Quand le scandale arrive
Je n’avais pas envie de terminer le roman d’Armel Job. Je voulais encore rester dans l’après-guerre des Ardennes, dans ce petit village où chacun sait et se tait. Qu’il s’agisse du curé, du charcutier ou du peintre. Car chacun des protagonistes du roman possède les clés de l’énigme et une part d’un secret qui date des années de résistance.
Et si José, peintre réputé, venu se cacher pendant la guerre, n’avait pas été subjugué par la beauté de la jeune Thérèse jusqu’à la peindre nue, d’où le titre du roman, rien ne serait arrivé. Rocafrène aurait coulé des jours tranquilles. Mais il a fallu que José peigne Thérèse, que le tableau se retrouve dans une vitrine de Liège et que qu’un article avec la photo du tableau se retrouve dans toutes les maisons du village.
Il n’en fallait pas plus pour que chaque personnage se trouve impliqué d’une façon ou d’une autre dans le drame. Il n’en fallait pas plus pour que les langues commentent le comportement de Thérèse. Il n’en fallait pas plus pour que José passe pour un salaud, alors qu’il n’avait voulu qu’exprimer la beauté de l’âme de Thérèse. Ainsi tente-t-elle d’exprimer à Libert, son amoureux, pourquoi après avoir posé pour un chaste tableau, elle a posé à nouveau : « Tu n’as jamais eu les genoux, les bras, le ventre qui rient ? Monsieur José m’a expliqué qu’on a son âme sur toute la surface de son corps. Et tu vois, dans ce moment-là, personne ne m’a dit quelque chose de si juste, de si vrai, sur ce qui m’arrivait. C’est pour cela que j’ai accepté de recommencer à poser. »

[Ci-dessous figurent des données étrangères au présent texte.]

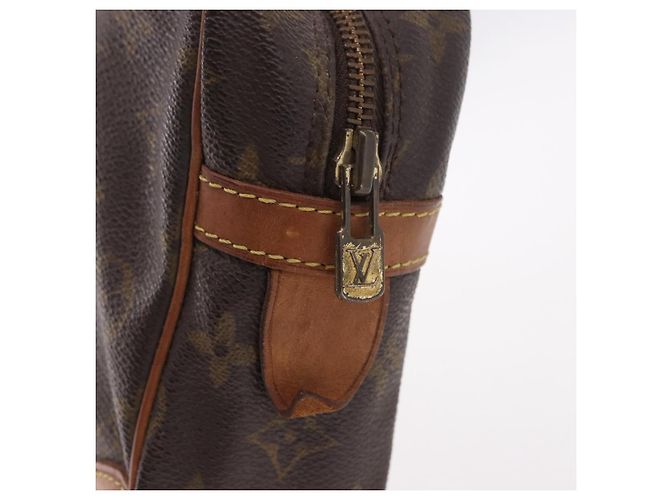 LOUIS VUITTON Clutch Monogram Compiegne 28 M51845 LV Auth 191045 Monogramma - vista 8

Thérèse a seize ans. Elle a encore ce regard étonné que les autres ont perdu, la générosité du cœur qui n’a pas encore été trahi. Et c’est cela que José a vu. C’est cela qu’il a peint. Mais chacun a voulu voir autre chose, chacun a fabulé, chacun a imaginé une histoire qui n’est pas celle-là.
Le roman d’Armel Job est une toile. Il ne pouvait que porter le titre du tableau de José Cohen. L’écrivain et le peintre, ici, ont un même dessein: montrer l’âme. Mission accomplie.